▶ _WORK TASK_
Pictures excluded, please retype exactly the lines from the start of the data through the line that contains "volvo v60 &#3911 2017 yv1fw79c1h1361614", both ends kept, and nothing beyond them.

Short descriptive text snippets
****
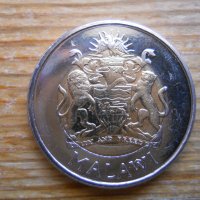 монети - Мозамбик, Малави, снимка 12 - Нумизматика и бонистика - 43894708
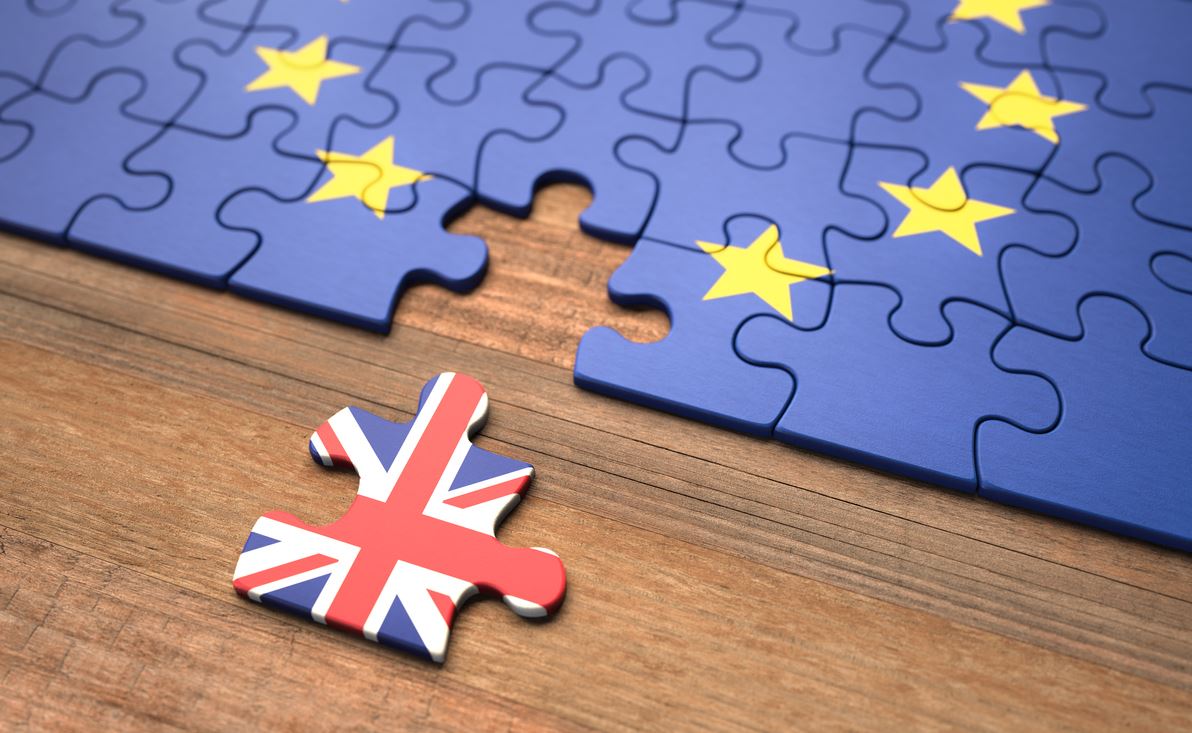 Πώς ο κορονοϊός παγίδευσε το Brexit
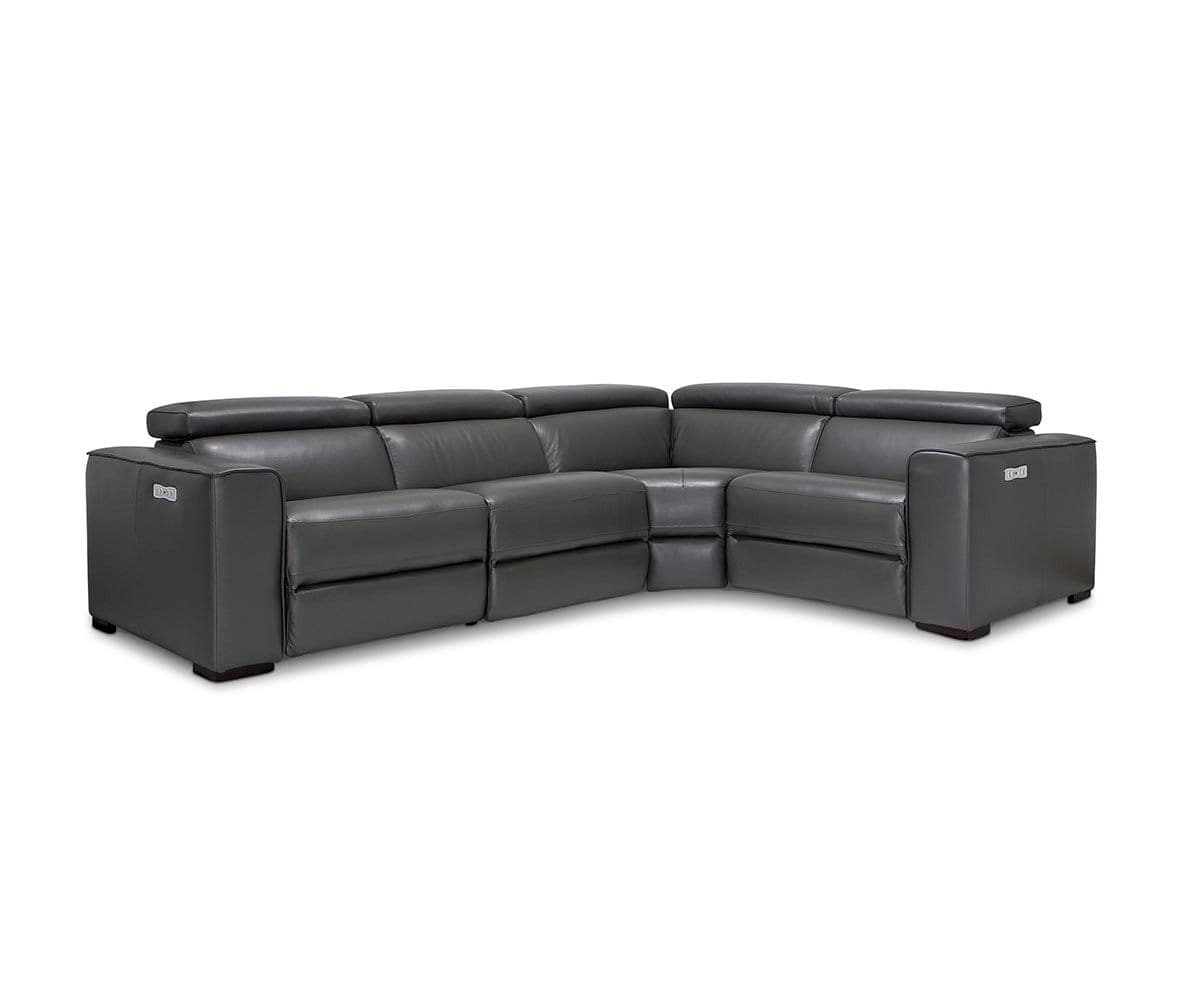 Lewen Power Motion Sectional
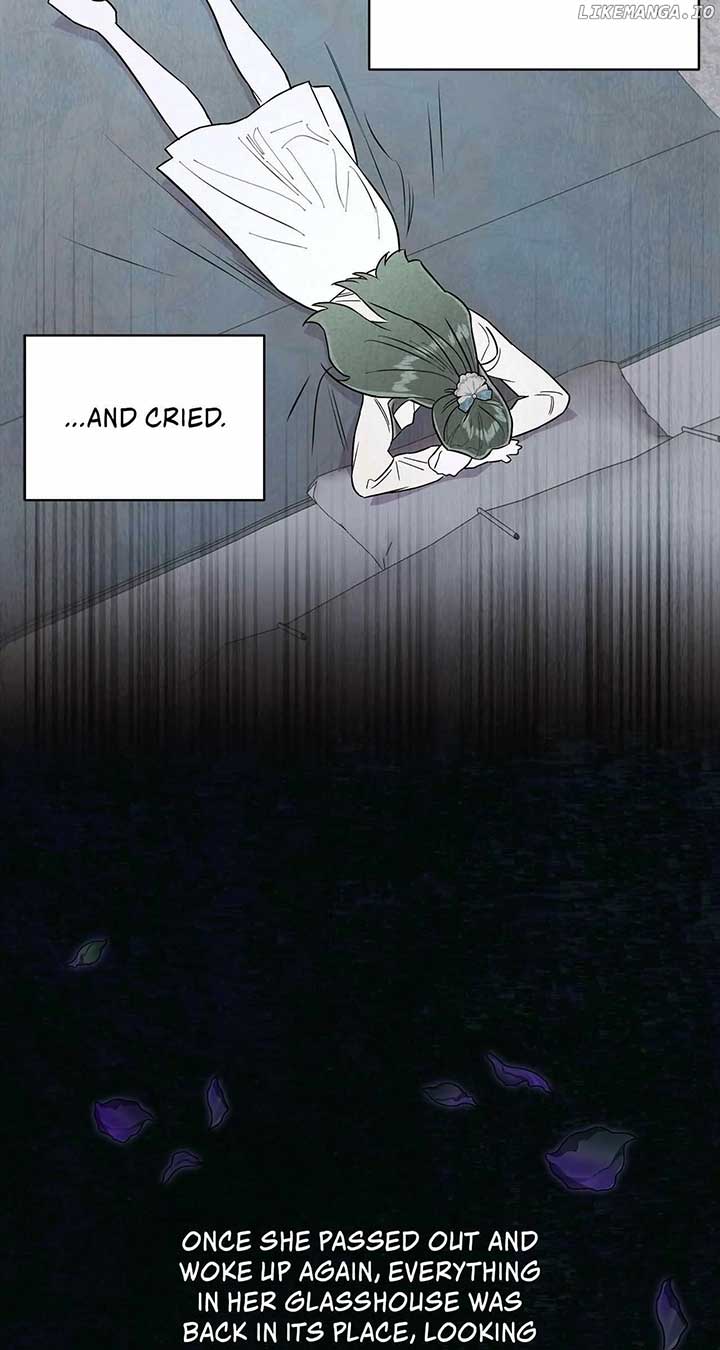 My Younger Sister Chooses Me Tonight Chapter 27 - Page 59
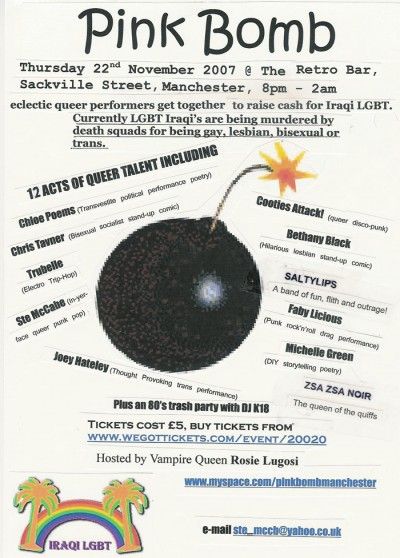 ARTEFACT DESCRIPTION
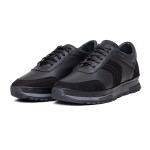 МЪЖКИ ОБУВКИ 762003 BLACK/NUBUK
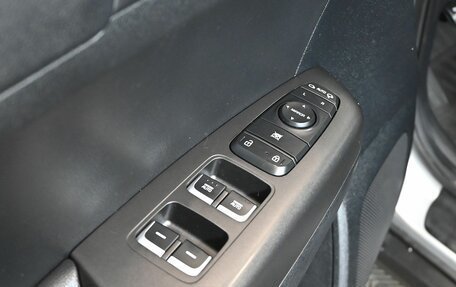 KIA Sportage IV рестайлинг, 2020 год, 2 717 000 рублей, 16 фотография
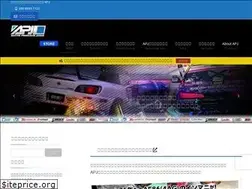 Sites similar to apj-official.com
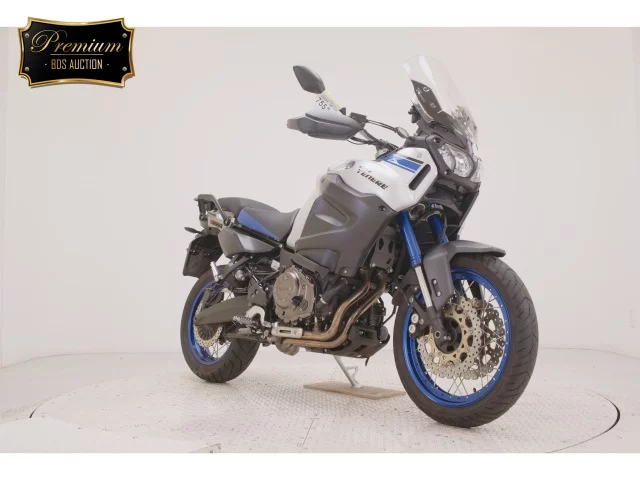 Yamaha XTZ1200 SUPER TENERE  с аукциона в Японии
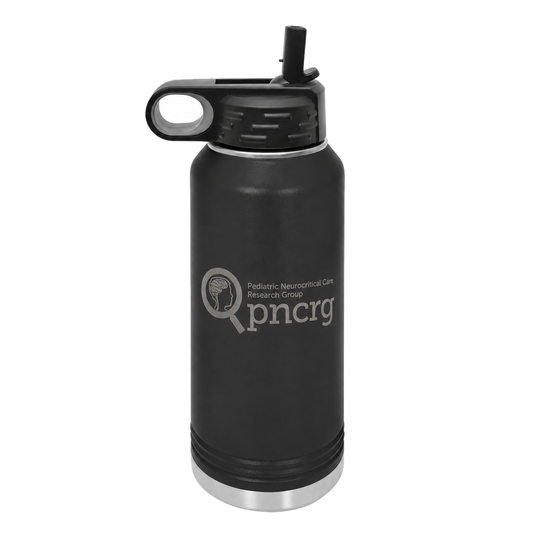 Polar Camel 32oz Water Bottle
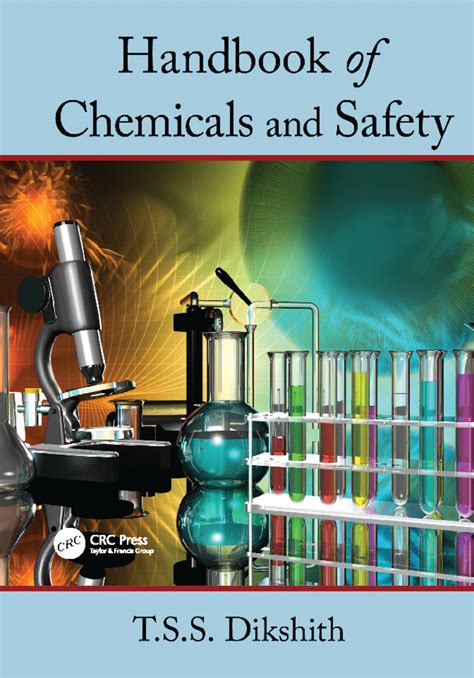 Handbook of Chemicals & Gases for the Semi- Conductor Industry Reader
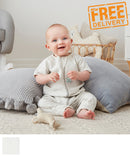 ergoPouch Sleep Onesie 1.0 Tog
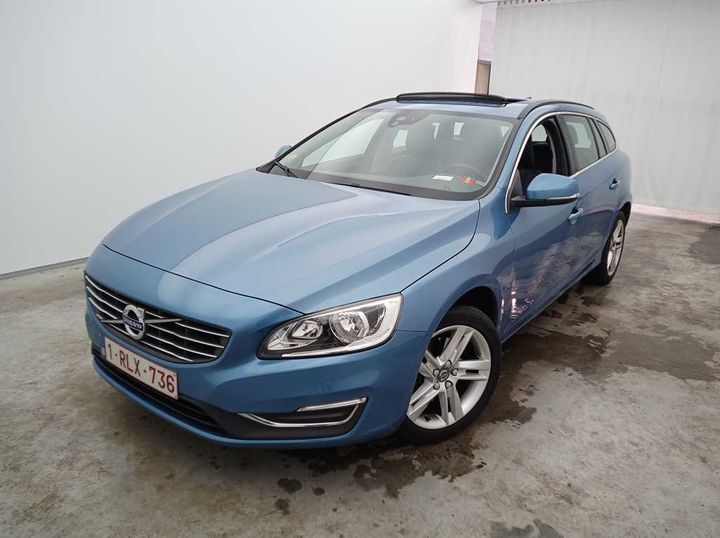 volvo v60 &#3911 2017 yv1fw79c1h1361614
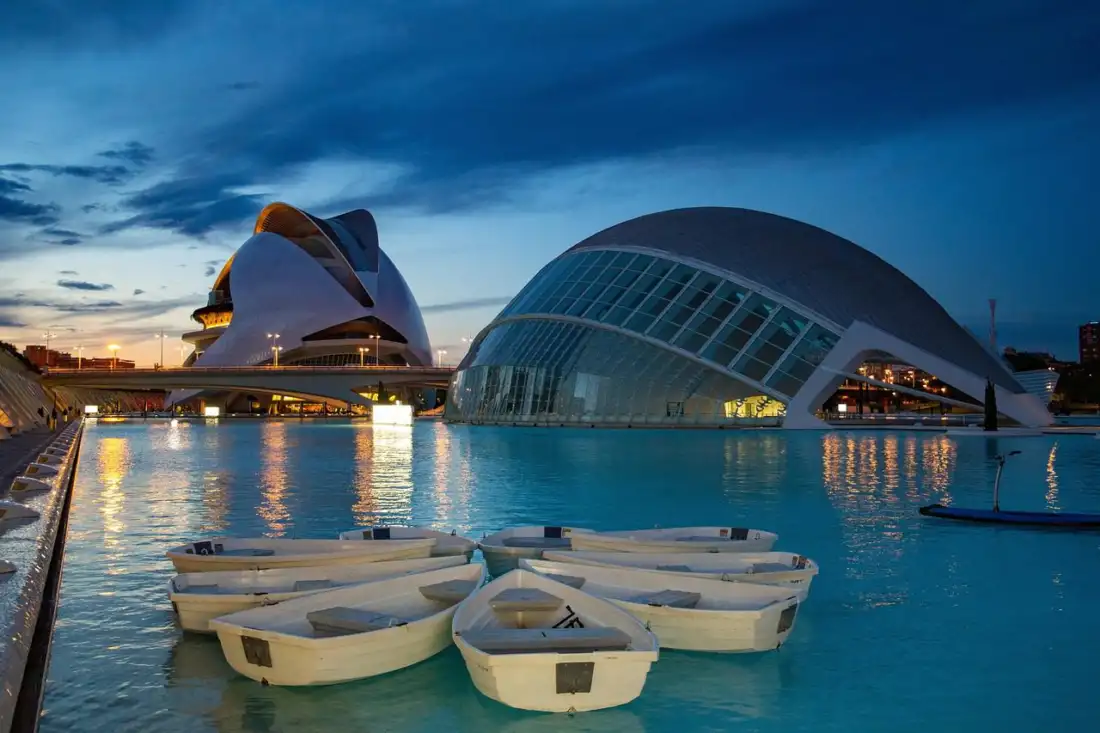 Affordable City Breaks in Europe: Three Destinations for February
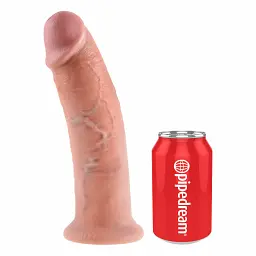 Фалоімітатор Pipedream Cock 10 Inch, 25.4 см (тілесний)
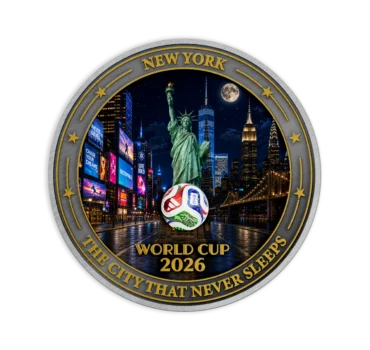 New York-New Jersey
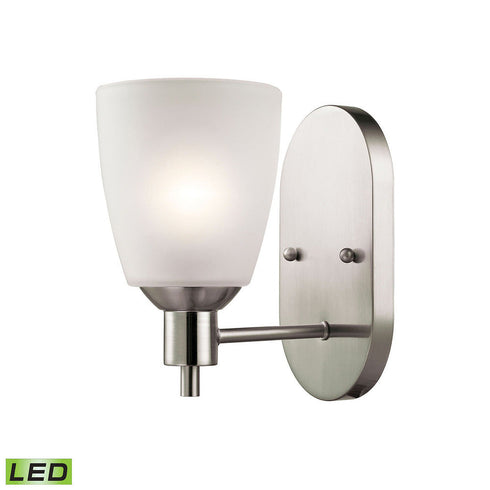 Elk Jackson Vanity Light Model: 1301WS/20-LED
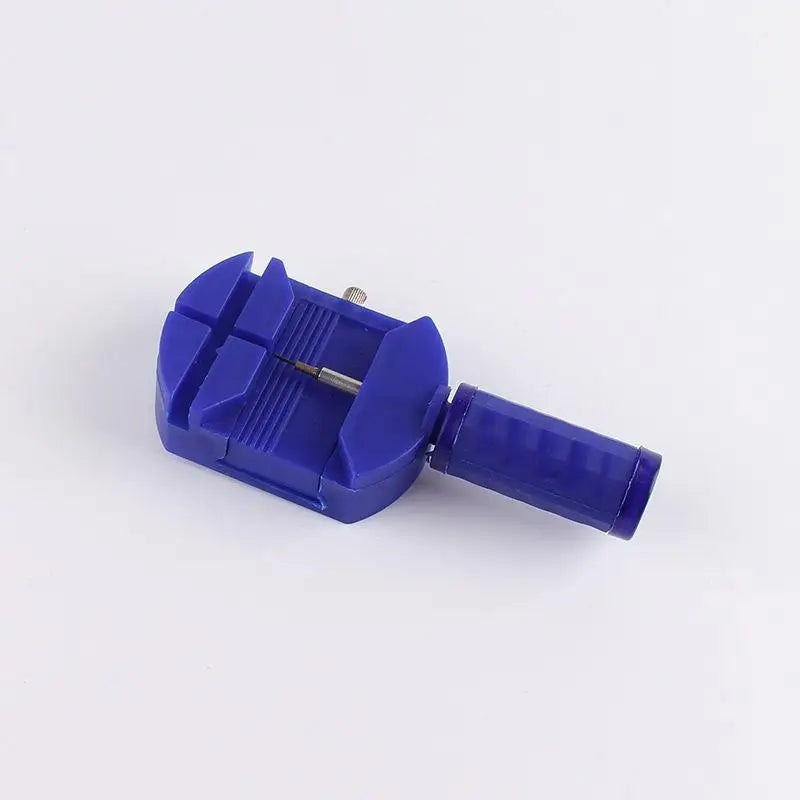 3-Piece Watch Band Link Remover & Repair Adjustment Tool Set Watch Repair Tool Babs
****
▶ _TASK SOLUTION_
 монети - Мозамбик, Малави, снимка 12 - Нумизматика и бонистика - 43894708
 Πώς ο κορονοϊός παγίδευσε το Brexit
 Lewen Power Motion Sectional
 My Younger Sister Chooses Me Tonight Chapter 27 - Page 59
 ARTEFACT DESCRIPTION
 МЪЖКИ ОБУВКИ 762003 BLACK/NUBUK
 KIA Sportage IV рестайлинг, 2020 год, 2 717 000 рублей, 16 фотография
 Sites similar to apj-official.com
 Yamaha XTZ1200 SUPER TENERE  с аукциона в Японии
 Polar Camel 32oz Water Bottle
 Handbook of Chemicals & Gases for the Semi- Conductor Industry Reader
 ergoPouch Sleep Onesie 1.0 Tog
 volvo v60 &#3911 2017 yv1fw79c1h1361614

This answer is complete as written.